▶ [WORK ORDER] Return the lines from the start of the data through the line with "Elefántszerű. Első szürkehályog". Include both of those lines and no others.

▶ [DATA SHOWN]
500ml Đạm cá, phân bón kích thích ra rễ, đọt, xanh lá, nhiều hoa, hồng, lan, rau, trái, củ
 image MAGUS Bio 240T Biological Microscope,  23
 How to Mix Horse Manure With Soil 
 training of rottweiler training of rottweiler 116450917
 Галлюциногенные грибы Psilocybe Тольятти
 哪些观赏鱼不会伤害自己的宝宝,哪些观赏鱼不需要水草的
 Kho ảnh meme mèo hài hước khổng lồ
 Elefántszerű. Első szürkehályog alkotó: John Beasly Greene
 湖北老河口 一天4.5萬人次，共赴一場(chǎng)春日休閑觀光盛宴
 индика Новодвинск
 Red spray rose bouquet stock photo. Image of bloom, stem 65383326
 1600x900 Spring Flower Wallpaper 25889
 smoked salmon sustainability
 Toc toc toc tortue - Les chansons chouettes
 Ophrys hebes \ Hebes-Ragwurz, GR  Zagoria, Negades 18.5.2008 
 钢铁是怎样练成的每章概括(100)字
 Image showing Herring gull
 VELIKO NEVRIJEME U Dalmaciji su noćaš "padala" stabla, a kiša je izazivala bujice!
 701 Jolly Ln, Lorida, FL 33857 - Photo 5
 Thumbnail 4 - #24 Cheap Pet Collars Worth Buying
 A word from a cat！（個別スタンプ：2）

▶ [WRITTEN RESPONSE]
500ml Đạm cá, phân bón kích thích ra rễ, đọt, xanh lá, nhiều hoa, hồng, lan, rau, trái, củ
 image MAGUS Bio 240T Biological Microscope,  23
 How to Mix Horse Manure With Soil 
 training of rottweiler training of rottweiler 116450917
 Галлюциногенные грибы Psilocybe Тольятти
 哪些观赏鱼不会伤害自己的宝宝,哪些观赏鱼不需要水草的
 Kho ảnh meme mèo hài hước khổng lồ
 Elefántszerű. Első szürkehályog alkotó: John Beasly Greene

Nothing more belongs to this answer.